Classificada como uma organização terrorista pelos Estados Unidos e em expansão na Região Norte, a facção criminosa venezuelana Tren de Aragua exerce forte influência em abrigos que acolhem imigrantes em Roraima, de acordo com investigações. Um relatório da Polícia Civil obtido pelo GLOBO revela que o grupo administra o tráfico de drogas nesses locais e chega a "intimidar" militares do Exército que atuam na Operação Acolhida. Além disso, os investigadores localizaram nas proximidades de abrigos de Boa Vista o corpo de duas vítimas da facção.
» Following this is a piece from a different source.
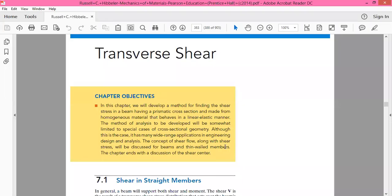Hello and welcome to Chapter 1 of our Mechanics of Materials 2. This will be Chapter 7 from our book Mechanics of Materials by R.C. Hibbler. The chapter is about transverse shear in beams.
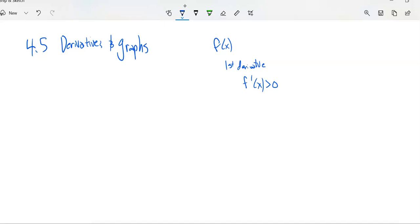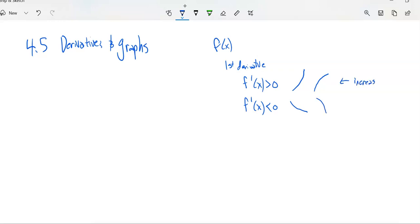We know that the slope is positive. The line is going up somehow. So the function itself could look like that — it's going upwards, the slope is always positive. And we also know that if the derivative is negative, it's going downward — it's decreasing. So increasing means the y values go up as x increases, and decreasing means y decreases.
Uma delas estava perto do centro de acolhimento Rondon 3, um dos maiores de Roraima, e apresentava sinais de tortura: estava com as mãos e os pés amarrados e tinha um corte profundo no pescoço e várias perfurações pelo corpo, o que evidenciava uma "tentativa de esquartejamento", segundo a perícia. Esta prática é uma das marcas registradas do grupo criminoso, que se estruturou a partir do presídio de Tocorón, a 140 quilômetros de Caracas, e daí se expandiu por países como Chile, Peru, Colômbia, Equador, Brasil e Estados Unidos.
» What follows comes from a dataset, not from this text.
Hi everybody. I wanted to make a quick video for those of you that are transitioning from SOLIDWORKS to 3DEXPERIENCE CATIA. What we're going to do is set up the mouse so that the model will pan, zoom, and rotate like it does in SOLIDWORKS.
A quadrilha se aproveita da situação de vulnerabilidade de alguns imigrantes para recrutá-los para o tráfico de drogas e esquemas de prostituição e extorsão. Como O GLOBO mostrou, brasileiros têm sido cooptados para atuar em rotas de tráfico, pontos de prostituição e em áreas de garimpo ilegal.
No fim de 2021, um grupo de militares acudiu um homem que estava sendo espancado por membros da quadrilha. Ao reportar o caso à polícia, um dos militares pediu para não ser identificado como testemunha por "temer represálias". "Um fato que cabe destaque na atuação deste bando criminoso, é relacionado à capacidade intimidatória que eles têm, impondo o medo até em militares do Exército Brasileiro", afirma o documento da Delegacia de Repressão a Ações Criminosas Organizadas. O texto acrescenta:
"Fica cristalino o poder intimidatório deste grupo criminoso, fato este que embaraça e dificulta a investigação, pois as pessoas venezuelanas que poderiam testemunhar os fatos não o fazem por temer por suas vidas, os que resolvem colaborar já sabem o risco que correm. Este é o atual cenário imposto por este bando criminoso em solo brasileiro".
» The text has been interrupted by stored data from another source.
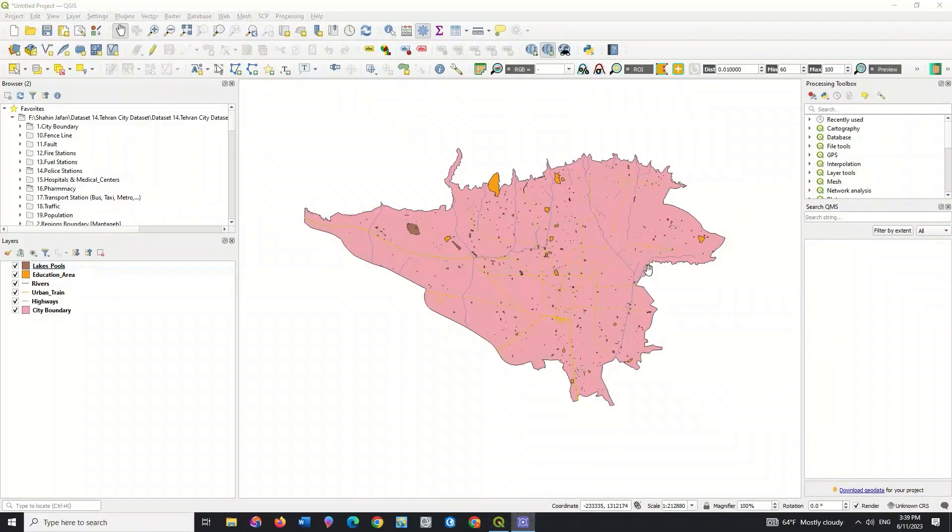Symbolization is the process of choosing how to represent the features on a map. The symbols we choose should help describe additional information about the features on the map. Poor symbolization leads to inaccurate, misunderstood, or even deceptive information, while effective symbolization helps to communicate information quickly and clearly.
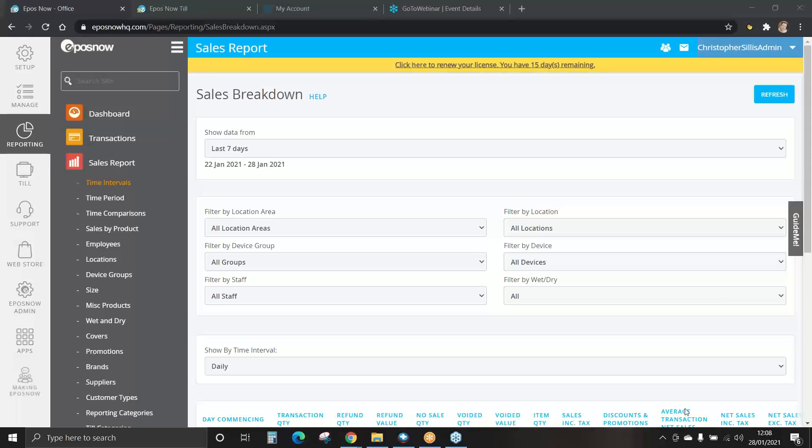Sales reports. Sales reports can be broken down by time period, location, device and staff member. They can also be broken down further by products and categories for example.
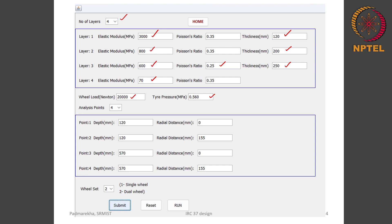We will determine stresses and strain at two interfaces. The first is at the interface of the HMA layer and the base layer, and the second is at the interface of the sub base layer and the sub grade layer. The first interface is at a depth of 120 millimeter. We need stresses and strain at radial distances of 0 and 155 millimeter — one point at the center of one wheel and 155 millimeter at the midpoint between the two dual wheels. The second interface is at a depth of 570 millimeter, and we measure strain at radial distances of 0 and 155 millimeter.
Procurado, o Exército não se manifestou.
'Patrón, foi feito'
O clima de medo entre os imigrantes refugiados é relatado em mensagens e depoimentos prestados à polícia. Um criminoso preso por homicídio contou à polícia ter ouvido um dos sicários ligar para o chefe logo depois de uma execução ocorrida em 2021 e falar: "Patrón, foi feito".
Depois, ele expressou ao parceiro a preocupação de serem pegos, ao que o outro lhe respondeu para "ficar tranquilo que não iria dar em nada porque (o morto) era venezuelano". A maioria das vítimas do grupo são de origem do país vizinho. Um cemitério clandestino foi encontrado em Boa Vista com dez corpos no último mês — três deles já foram identificados como venezuelanos. Os investigadores trabalham com a hipótese de que se tratava de um local de desova de inimigos do Tren de Aragua.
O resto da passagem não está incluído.